“Atmosphere”: Commentaries on Elements of the Exercises Part IV

“Keep within! And when they say, ‘Look here’ or ‘look there is Christ,’ go not forth….”

This beautiful gem of Quaker wisdom, set to music by Paulette Meier and well loved by many of you around the Wisdom network, encapsulates both the method and the deeper intention of Gurdjieff’s Atmosphere Exercise. Here we will be actively exploring what it means to “keep within”: not merely as a spiritual demeanor, but as an actual mode of embodied presence. You can listen to the chant here.

Call it your “aura,” call it “electromagnetic field of your heart”: the words all point to the same underlying recognition that “we” do not end at the outer edge of our skins. We move within an encompassing energetic field which we ourselves generate, and which—according to Gurdjieff—we are responsible for maintaining in good working order: i.e., unruffled, contained, and under our conscious supervision. He picturesquely refers to this field as our atmosphere.

Contemplative Christianity has also long prized this state of inner containment, which is known in the Christian West as “recollection” and in the Christian East as “vigilance.” It is a state of alert, calm, gathered presence. In its absence, the energy around our being rushes and swirls in an automatic jumble, losing much of its directional force while at the same time negatively entangling itself with other similarly untended atmospheres.
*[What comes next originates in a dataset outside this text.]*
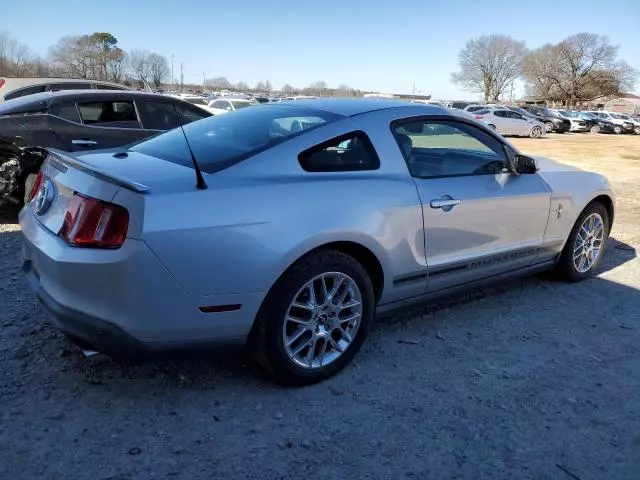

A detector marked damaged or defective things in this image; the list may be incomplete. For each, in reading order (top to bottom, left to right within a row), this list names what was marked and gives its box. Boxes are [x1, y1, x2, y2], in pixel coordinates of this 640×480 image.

damaged car [0, 90, 210, 210]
The result is an energetic cacophony.

This relatively straightforward exercise will help you to begin to settle down within your own atmosphere, keeping your being-energy contained and quiet under your conscious tending.

As usual, the chief culprit is thinking—or, to be more specific, the completely mechanical and autonomous movement of thinking when we are not consciously present. Gurdjieff says, arrestingly: “Your atmosphere is displaced in the direction in which your thought moves. If you think of your mother who is far away, your atmosphere moves toward the place where your mother is.” To be sure, this speaks of the wondrous, space-traveling capacities of our creative imagination, carried on the wings of our attention: so long as both are under our conscious control. But when imagination becomes infected with nostalgia or fantasy, or is suddenly intoxicated by its own magical powers, then the journey is aborted, and our space traveler falls back under the sway of delusion.
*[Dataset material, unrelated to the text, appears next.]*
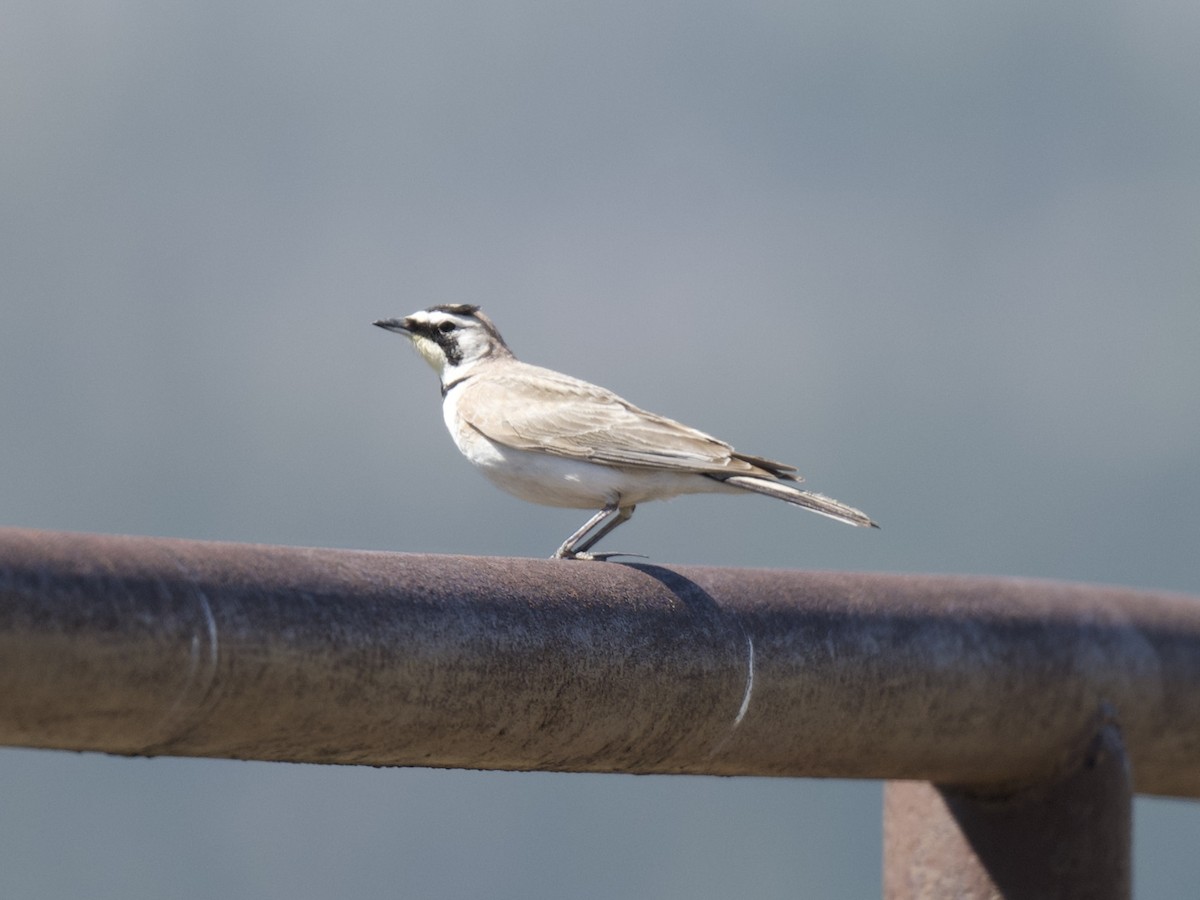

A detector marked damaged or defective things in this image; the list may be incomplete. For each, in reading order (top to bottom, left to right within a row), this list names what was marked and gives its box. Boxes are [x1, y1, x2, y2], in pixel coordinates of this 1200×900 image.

rusted metal surface [2, 528, 1200, 796]
rusty metal rail [2, 528, 1200, 900]
rusted metal surface [883, 724, 1132, 897]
But until you have learned to sense your atmosphere directly, you won’t be able to taste the difference between imagination indentured to fantasy and “the real deal.” It is a tragic trompe l’oeil, on which many sincere aspirations have foundered.

In this exercise we practice remaining within our atmosphere, not letting our thoughts and emotions go ricocheting out beyond the meter to meter-and-a-half circle we imaginatively draw around ourselves. It is the exact inner equivalent of the task we took on one day during our Wisdom School in the desert near Tucson: to draw a six-foot ring around ourselves and sit within it for an hour. We are drawing that same ring—only now in the air, not on the ground. This will be the paddock where we contain the wild horse of our thoughts, emotions, and impulses until the whole thing comes quietly into a wordless equanimity.
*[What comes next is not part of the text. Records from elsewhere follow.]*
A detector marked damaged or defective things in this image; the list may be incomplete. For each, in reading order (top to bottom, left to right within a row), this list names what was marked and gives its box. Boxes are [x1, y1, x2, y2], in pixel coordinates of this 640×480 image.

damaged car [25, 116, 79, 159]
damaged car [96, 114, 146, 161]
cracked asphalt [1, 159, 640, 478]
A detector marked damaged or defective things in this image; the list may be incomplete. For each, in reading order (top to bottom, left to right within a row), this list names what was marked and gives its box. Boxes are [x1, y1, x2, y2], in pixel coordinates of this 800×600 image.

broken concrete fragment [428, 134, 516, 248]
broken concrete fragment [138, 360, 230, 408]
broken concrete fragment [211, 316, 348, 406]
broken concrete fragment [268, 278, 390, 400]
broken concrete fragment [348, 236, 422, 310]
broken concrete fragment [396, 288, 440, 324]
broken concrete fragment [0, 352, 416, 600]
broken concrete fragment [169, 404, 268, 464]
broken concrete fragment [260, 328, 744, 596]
In this exercise we meet for the first time Gurdjieff’s unique use of the phrase: Represent to yourself.” Representing to yourself is not the same thing as visualizing. Close, but not identical. They have subtly different flavors, since they are in fact the work of different centers. Visualizing draws primarily on the intellectual center. Representing remains much closer to sensation. With your attention firmly anchored in your solar plexus (at least that’s how it works for me), you simply allow the radius of your attention to expand outward, to establish a direct sensate contact with the entire sphere of that atmosphere. You will discover that you are able to do this fairly easily if you don’t interfere with the process by thinking.

You may watch how the waves of thinking, emotion, agitation, wash across the still waters of your atmosphere. But if you simply “keep within,” not allowing yourself to be dragged outside its sphere, things will quiet down once again and the depths of a deeper, mysterious aliveness begin to emerge.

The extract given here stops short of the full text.